Java on GPU: Pricing options with Monte Carlo simulation

9 min readApr 27, 2019

About

In this article, I’m going to compare the performance of Java application running on CPU vs GPU. As a benchmark, I’ll write an application that prices options using Monte Carlo simulation. For the fair comparison, I’ll run the benchmark in AWS as there we can select a box with GPU and CPU with similar price. Also, I’ll share limitations that were noticed while programming on GPU.

Why GPU?

GPU computation is quite popular nowadays. People use GPU from mining crypto-currency to Machine Learning. Why GPU is preferable in some areas while CPU in another?

GPU was designed for massively parallel tasks. Nowadays CPUs in laptops has around 8 cores, while CPUs in the servers have up to 50 cores. On the other hand, GPU may have thousands of cores. If your task could be divided into more than a thousand chuncks, there is a high probability that GPU will be faster (much faster).

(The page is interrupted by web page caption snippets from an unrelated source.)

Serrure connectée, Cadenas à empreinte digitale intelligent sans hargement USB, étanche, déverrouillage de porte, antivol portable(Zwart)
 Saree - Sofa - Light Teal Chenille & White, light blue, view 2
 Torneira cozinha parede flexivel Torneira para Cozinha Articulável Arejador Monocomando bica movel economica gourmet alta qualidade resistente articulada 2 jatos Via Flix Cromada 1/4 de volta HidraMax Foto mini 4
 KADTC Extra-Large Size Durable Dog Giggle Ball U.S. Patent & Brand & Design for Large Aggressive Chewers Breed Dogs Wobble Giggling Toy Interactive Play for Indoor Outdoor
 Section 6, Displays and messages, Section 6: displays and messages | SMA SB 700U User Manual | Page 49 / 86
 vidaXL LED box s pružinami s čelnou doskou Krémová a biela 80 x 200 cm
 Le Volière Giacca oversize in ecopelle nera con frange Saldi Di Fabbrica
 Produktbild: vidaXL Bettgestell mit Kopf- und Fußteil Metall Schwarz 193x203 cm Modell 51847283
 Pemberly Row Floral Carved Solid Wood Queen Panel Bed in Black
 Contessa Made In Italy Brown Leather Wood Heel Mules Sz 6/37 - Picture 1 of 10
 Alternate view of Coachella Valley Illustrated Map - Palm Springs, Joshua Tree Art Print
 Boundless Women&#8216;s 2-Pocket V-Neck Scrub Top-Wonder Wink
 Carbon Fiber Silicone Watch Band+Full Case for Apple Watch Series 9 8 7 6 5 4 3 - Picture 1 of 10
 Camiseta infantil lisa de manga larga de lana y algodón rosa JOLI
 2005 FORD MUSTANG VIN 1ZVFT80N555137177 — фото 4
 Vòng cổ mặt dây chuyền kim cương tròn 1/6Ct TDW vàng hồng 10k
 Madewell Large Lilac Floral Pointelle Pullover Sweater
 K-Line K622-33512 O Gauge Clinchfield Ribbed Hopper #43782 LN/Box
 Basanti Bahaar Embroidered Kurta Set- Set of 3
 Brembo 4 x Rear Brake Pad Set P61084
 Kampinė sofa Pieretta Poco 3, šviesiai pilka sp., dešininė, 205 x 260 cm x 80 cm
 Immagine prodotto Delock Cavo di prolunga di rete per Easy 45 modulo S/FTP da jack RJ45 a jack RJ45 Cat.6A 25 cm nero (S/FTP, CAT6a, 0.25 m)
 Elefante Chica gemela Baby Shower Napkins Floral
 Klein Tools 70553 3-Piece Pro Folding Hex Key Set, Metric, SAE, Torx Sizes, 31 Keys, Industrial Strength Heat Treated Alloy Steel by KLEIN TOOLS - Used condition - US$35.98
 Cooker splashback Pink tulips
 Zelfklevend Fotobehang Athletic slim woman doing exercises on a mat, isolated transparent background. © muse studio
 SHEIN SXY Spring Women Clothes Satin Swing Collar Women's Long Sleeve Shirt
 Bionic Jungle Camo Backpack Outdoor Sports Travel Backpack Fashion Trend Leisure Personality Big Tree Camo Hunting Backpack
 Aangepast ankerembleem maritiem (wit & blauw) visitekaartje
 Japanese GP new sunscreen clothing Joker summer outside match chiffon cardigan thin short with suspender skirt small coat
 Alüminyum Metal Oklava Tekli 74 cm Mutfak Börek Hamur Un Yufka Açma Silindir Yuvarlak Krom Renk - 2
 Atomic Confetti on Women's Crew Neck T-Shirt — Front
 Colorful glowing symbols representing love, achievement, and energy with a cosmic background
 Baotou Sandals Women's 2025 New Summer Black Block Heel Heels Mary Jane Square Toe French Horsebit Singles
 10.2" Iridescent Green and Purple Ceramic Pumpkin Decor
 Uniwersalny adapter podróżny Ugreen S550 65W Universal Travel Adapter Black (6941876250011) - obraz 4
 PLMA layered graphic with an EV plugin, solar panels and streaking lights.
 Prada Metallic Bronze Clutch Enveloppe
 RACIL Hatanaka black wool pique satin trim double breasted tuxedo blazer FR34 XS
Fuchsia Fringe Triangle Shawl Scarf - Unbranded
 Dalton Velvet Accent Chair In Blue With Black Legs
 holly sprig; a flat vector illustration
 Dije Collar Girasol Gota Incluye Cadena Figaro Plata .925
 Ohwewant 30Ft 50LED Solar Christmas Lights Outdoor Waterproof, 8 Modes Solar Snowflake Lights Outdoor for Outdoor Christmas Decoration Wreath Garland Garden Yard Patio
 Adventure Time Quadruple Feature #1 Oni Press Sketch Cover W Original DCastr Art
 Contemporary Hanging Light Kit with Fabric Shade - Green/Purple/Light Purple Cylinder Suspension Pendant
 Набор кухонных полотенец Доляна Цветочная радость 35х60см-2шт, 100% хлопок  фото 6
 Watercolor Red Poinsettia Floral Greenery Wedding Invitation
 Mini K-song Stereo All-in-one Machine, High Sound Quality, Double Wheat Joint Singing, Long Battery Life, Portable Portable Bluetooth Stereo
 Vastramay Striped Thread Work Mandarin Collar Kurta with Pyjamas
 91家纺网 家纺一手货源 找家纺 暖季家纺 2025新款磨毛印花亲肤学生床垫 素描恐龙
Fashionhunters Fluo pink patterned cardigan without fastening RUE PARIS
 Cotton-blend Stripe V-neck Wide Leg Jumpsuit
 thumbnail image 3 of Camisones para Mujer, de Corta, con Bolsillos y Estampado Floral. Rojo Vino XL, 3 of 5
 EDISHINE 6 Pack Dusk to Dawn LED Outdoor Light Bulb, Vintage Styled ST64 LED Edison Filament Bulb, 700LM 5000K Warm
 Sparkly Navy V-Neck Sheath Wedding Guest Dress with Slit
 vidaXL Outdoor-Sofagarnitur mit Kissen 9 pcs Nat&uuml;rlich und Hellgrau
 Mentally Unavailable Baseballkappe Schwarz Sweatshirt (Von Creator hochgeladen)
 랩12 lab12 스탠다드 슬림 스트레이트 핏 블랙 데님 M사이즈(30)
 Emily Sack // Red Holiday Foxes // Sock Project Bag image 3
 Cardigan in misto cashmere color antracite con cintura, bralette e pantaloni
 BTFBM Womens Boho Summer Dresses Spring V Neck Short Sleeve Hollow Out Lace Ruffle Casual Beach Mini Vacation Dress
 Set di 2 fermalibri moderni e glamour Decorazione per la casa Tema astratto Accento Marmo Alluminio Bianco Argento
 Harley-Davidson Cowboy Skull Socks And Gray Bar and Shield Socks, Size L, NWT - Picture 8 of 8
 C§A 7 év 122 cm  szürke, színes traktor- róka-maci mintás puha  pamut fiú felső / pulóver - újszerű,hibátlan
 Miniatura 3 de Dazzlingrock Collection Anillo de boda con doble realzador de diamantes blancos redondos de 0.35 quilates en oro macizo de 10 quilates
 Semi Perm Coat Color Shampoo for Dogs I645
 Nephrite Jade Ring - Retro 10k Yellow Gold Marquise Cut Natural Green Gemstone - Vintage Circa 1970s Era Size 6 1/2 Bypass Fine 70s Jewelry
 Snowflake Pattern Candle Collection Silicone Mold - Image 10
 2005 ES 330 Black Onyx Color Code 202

GPU has a huge amount of cores. But these cores aren’t the same as general-purpose CPU cores. GPU was designed using a Single instruction, multiple data (SIMD) architecture. This means that we can only execute the same code in different threads.

GPU has some limitations, most of them are described later. But here are two main limitations:

GPU is designed to execute the same code (input variables could be different) on all threads.
GPU doesn’t have access to the RAM. It has own memory (actually a few types of memory). As a result, we need to copy external application inputs from RAM to GPU memory before we start calculations. This may take quite long.

CUDA vs OpenCL

Natively, GPUs doesn’t support general-purpose programming languages. The situation becomes worth as different GPU-manufactures trying to promote their technology. For instance, NVidia is famous for CUDA platform that has a lot of useful libraries.

However, in the benchmark I used OpenCL. OpenCL has less functionality than CUDA but it is supported by most chip-producers (NVidia, AMD, Intel, etc.). This means that your app will run even on a low-level laptop with integrated GPU.

Why Java?

OpenCL (Open Computing Language) is a C based language. Why do we need Java here? I think running OpenCL app from Java may make sense in the next situation:

You have an existing JVM-based application (Java, Scala, Kotlin, etc.).
You aren’t sure if running on GPU will give any benefits. And you not ready to write OpenCL app from the scratch.

In this case, running a computation on a GPU will require relatively small efforts. If results will be good, you may think about writing native OpenCL or CUDA app to get even better performance.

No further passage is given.